* **How to complete this task**
Below are some records. Quote exactly the lines from the one that contains "Whirlpool ET1FTKXKQ04 door parts diagram" through the last, both included, and leave out the pictures.

┌─ Supplied material

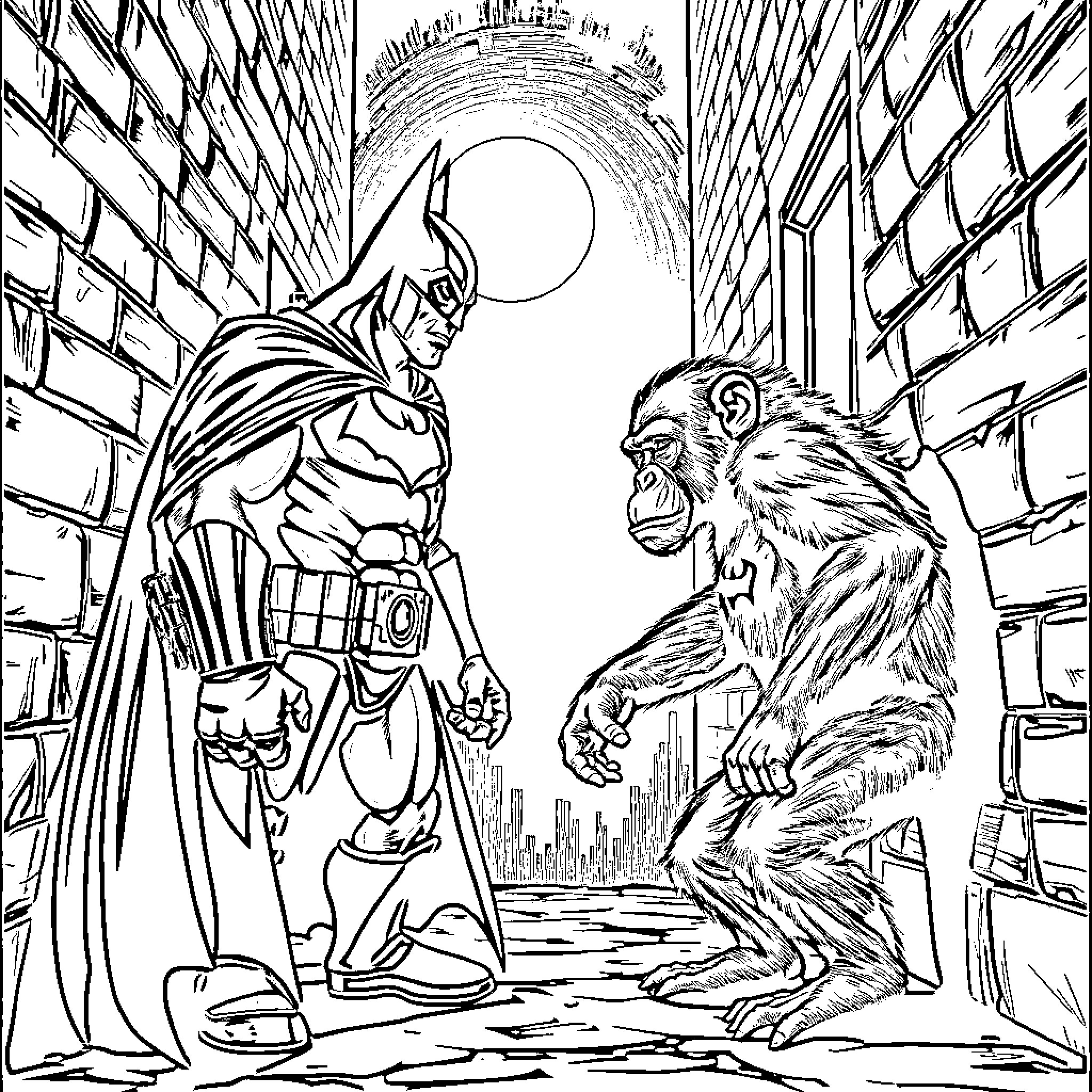 Batman Confronting a Menacing Monkey in a Dark Alleyway Coloring Page (free black-and-white line drawing printable PDF for all, from beginners to advanced learners, including children, teens, adults, and seniors)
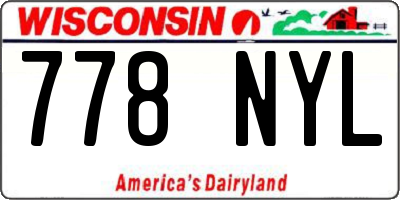 WI license plate 778NYL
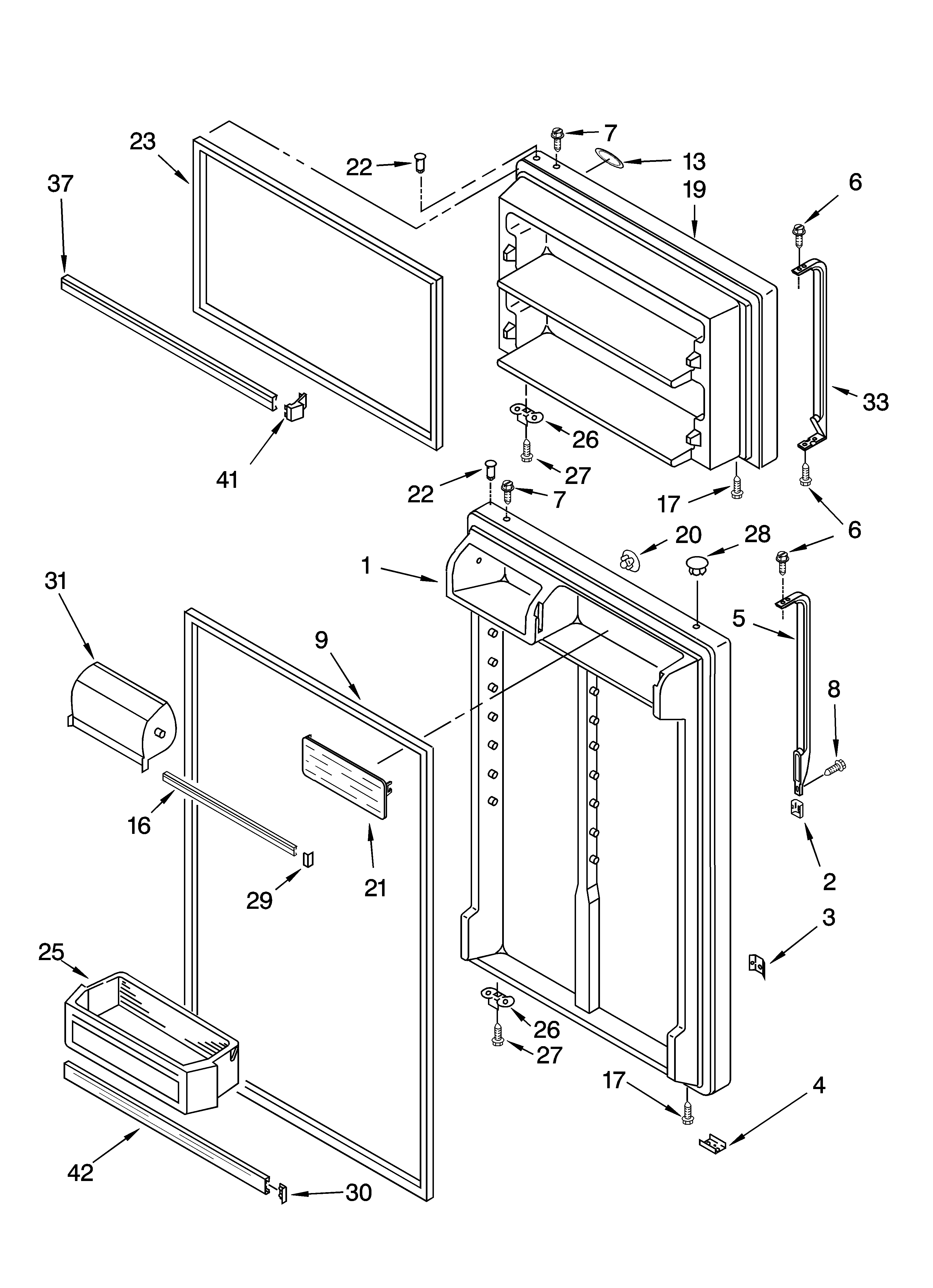 Whirlpool ET1FTKXKQ04 door parts diagram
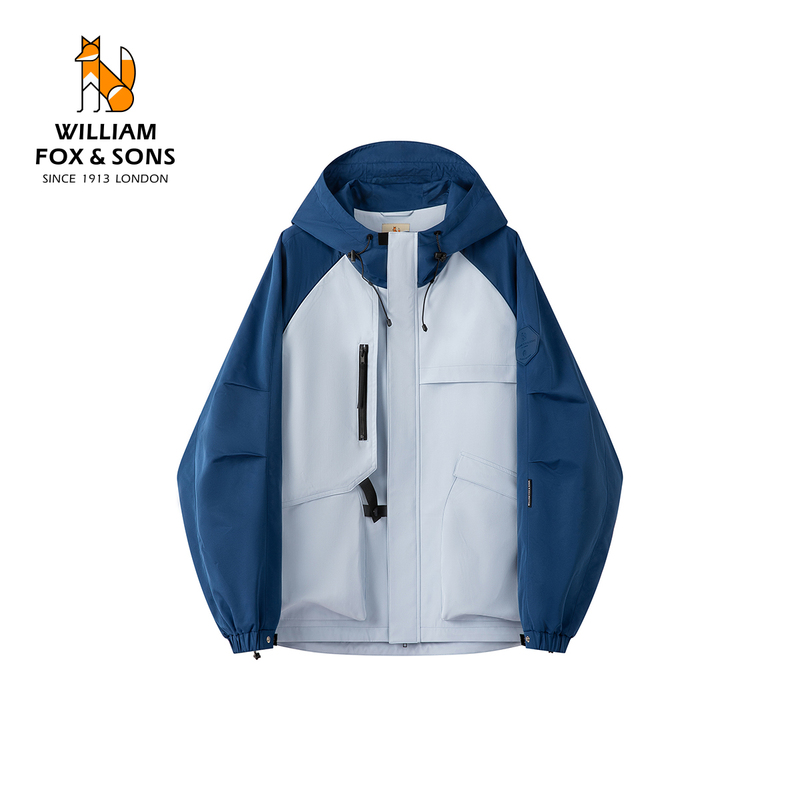 British Little Fox 2026 Autumn Outdoor Three-Proof Fashion Imitation Softshell Jacket Blue Softshell Coat for Men and Women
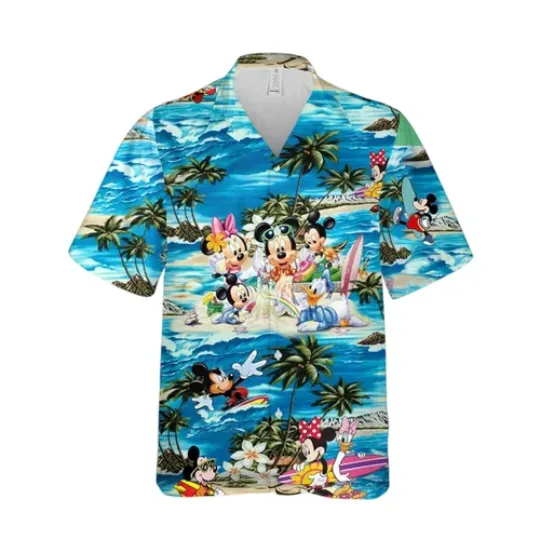 Discover Mickeyy Minniee and Friends Surfing Hawaiian Shirt Awesome Matching Disneyyy Family
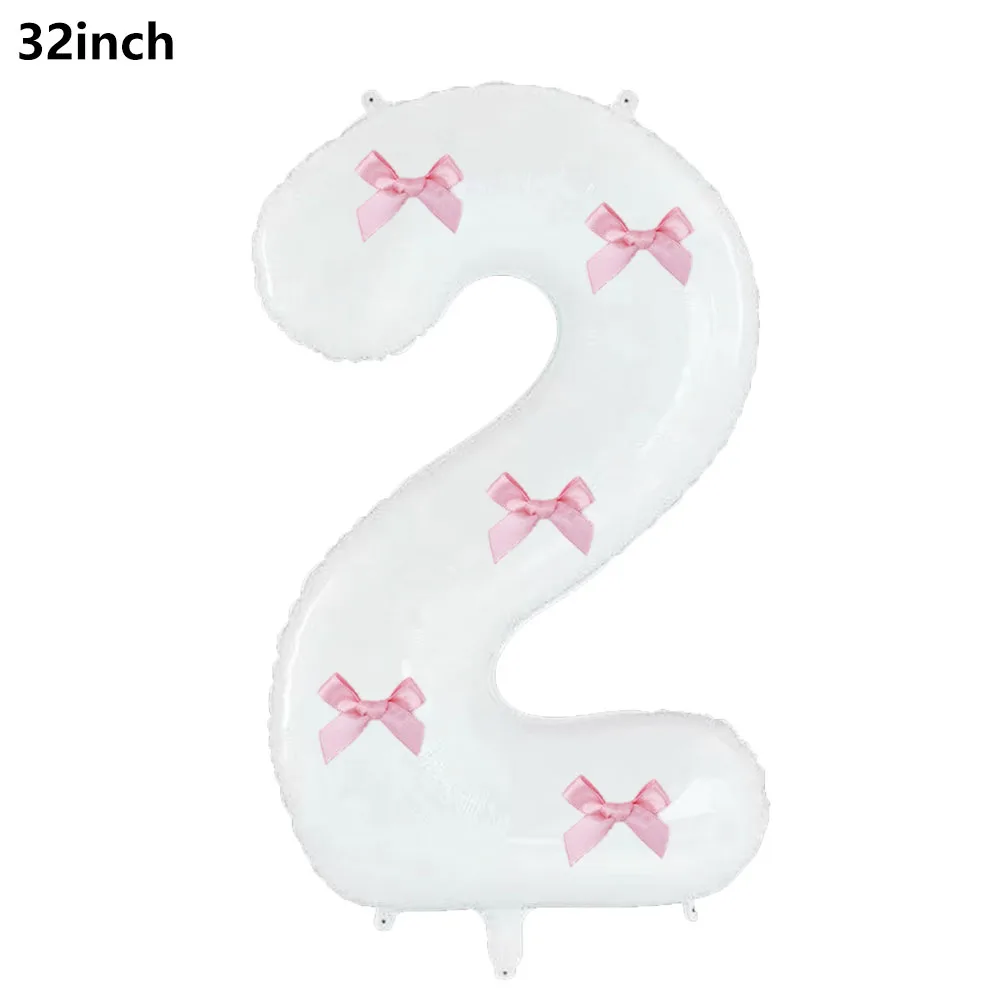 32 Blue, Pink, and Black Number Balloons with Ribbon Bows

└─

* **Answer box**
 Whirlpool ET1FTKXKQ04 door parts diagram
 British Little Fox 2026 Autumn Outdoor Three-Proof Fashion Imitation Softshell Jacket Blue Softshell Coat for Men and Women
 Discover Mickeyy Minniee and Friends Surfing Hawaiian Shirt Awesome Matching Disneyyy Family
 32 Blue, Pink, and Black Number Balloons with Ribbon Bows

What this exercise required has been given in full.